Exact repetition of a range: find the line containing "Handheld USB Port" and the line containing "Seiko - Srpe03K1" in the material below, then repeat both and all lines between them, leaving pictures out.

Information:
= Beginning of Section =
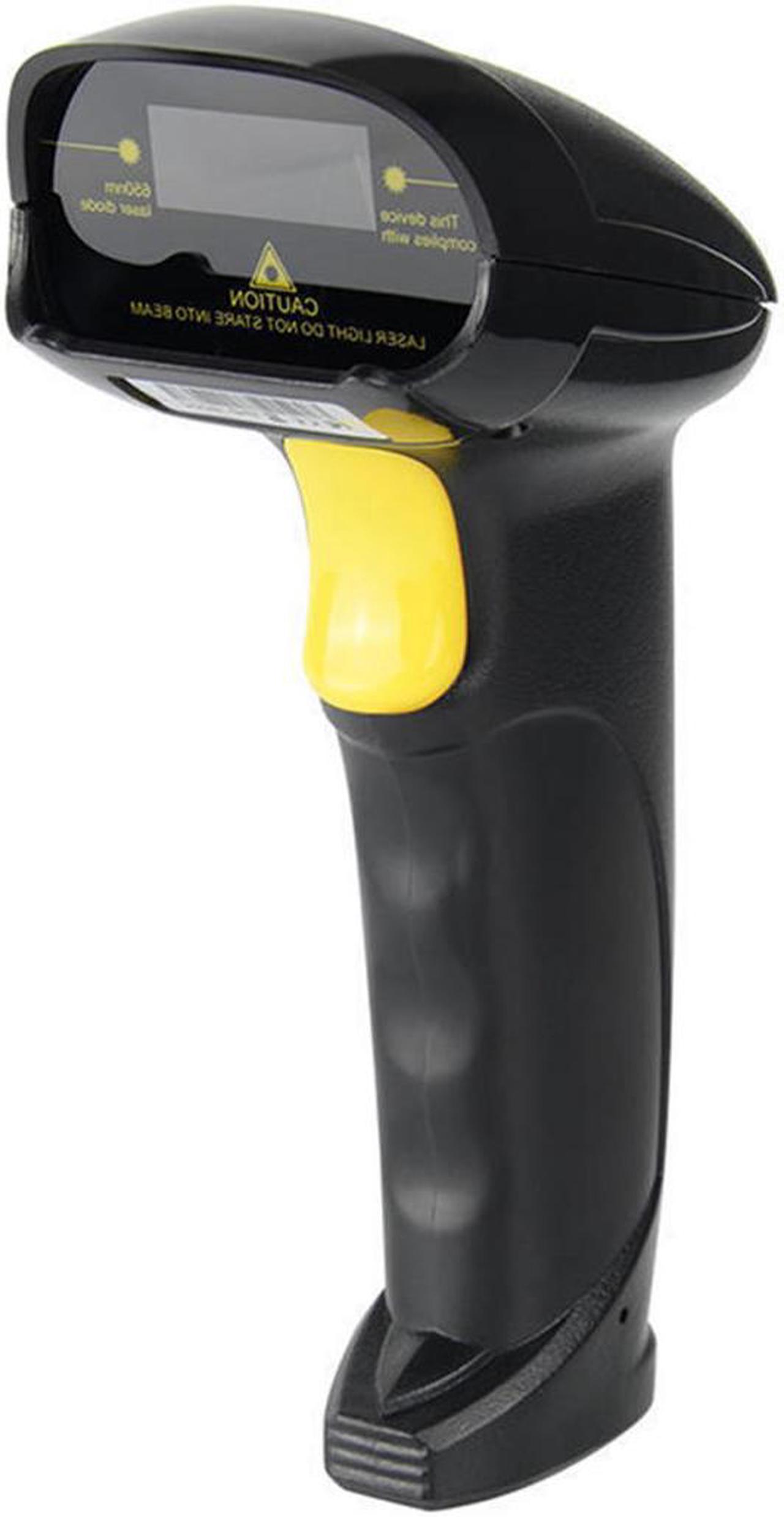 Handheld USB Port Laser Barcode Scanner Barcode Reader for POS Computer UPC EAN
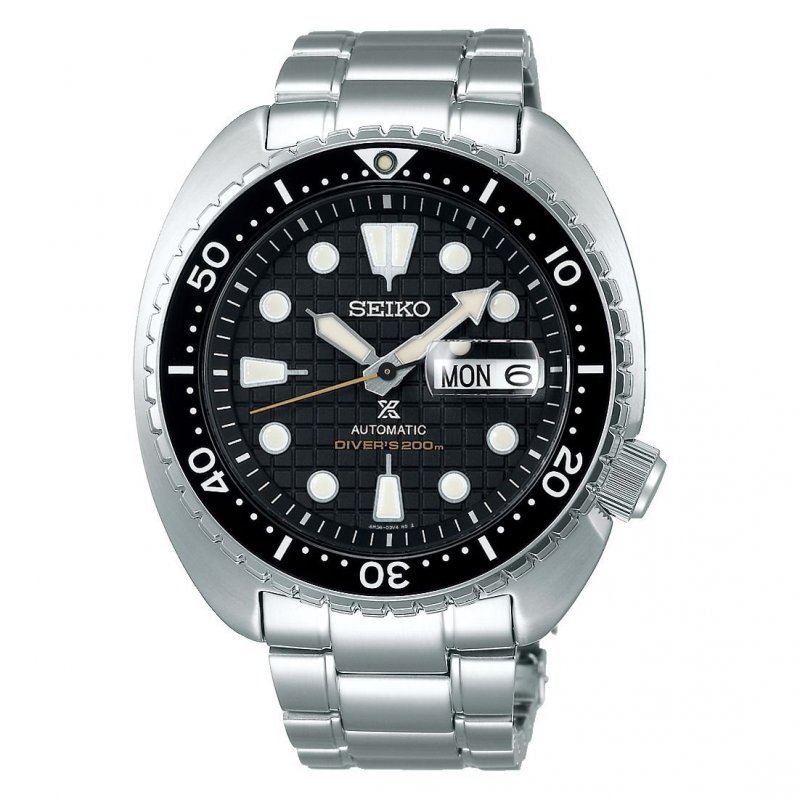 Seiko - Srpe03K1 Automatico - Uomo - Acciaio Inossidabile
= End of Section =
= Beginning of Section =
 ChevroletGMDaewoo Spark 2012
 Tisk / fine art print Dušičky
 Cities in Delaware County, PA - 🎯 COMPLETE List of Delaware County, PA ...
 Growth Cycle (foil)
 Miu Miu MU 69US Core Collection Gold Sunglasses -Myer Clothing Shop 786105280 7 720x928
= End of Section =
= Beginning of Section =
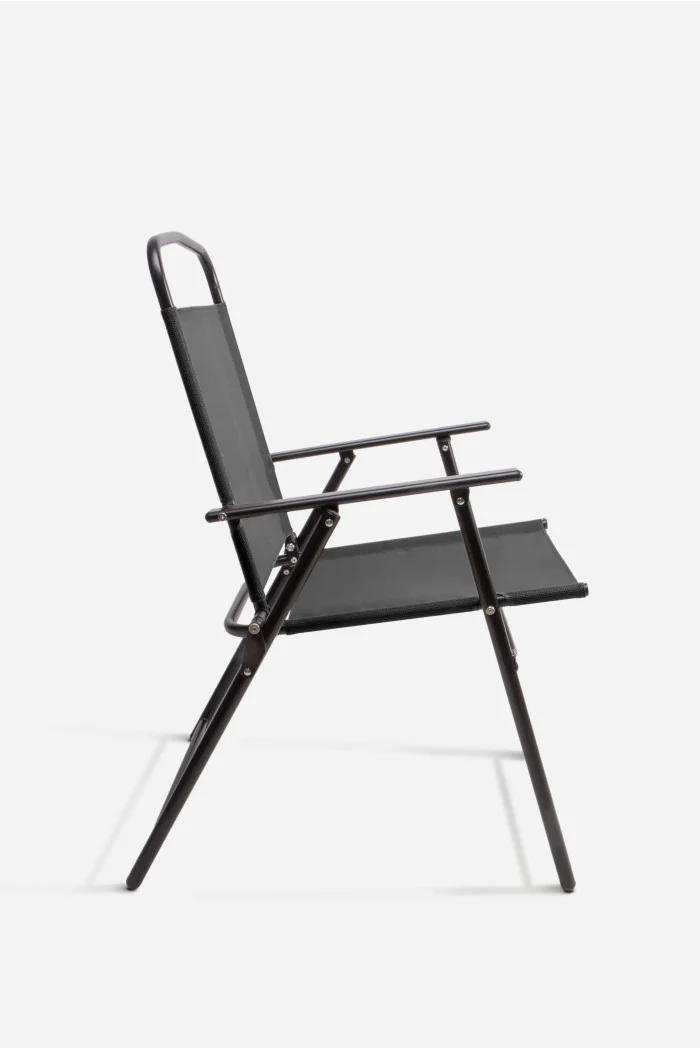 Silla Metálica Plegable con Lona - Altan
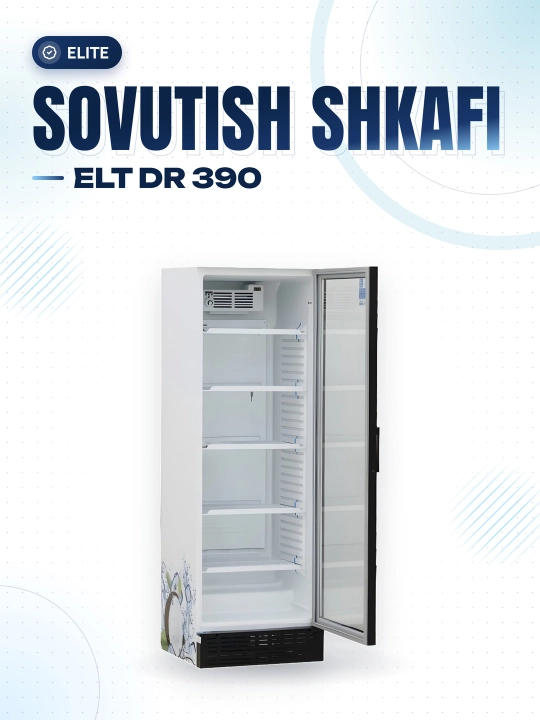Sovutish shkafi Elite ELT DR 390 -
= End of Section =
Output below:
 Handheld USB Port Laser Barcode Scanner Barcode Reader for POS Computer UPC EAN
 Seiko - Srpe03K1 Automatico - Uomo - Acciaio Inossidabile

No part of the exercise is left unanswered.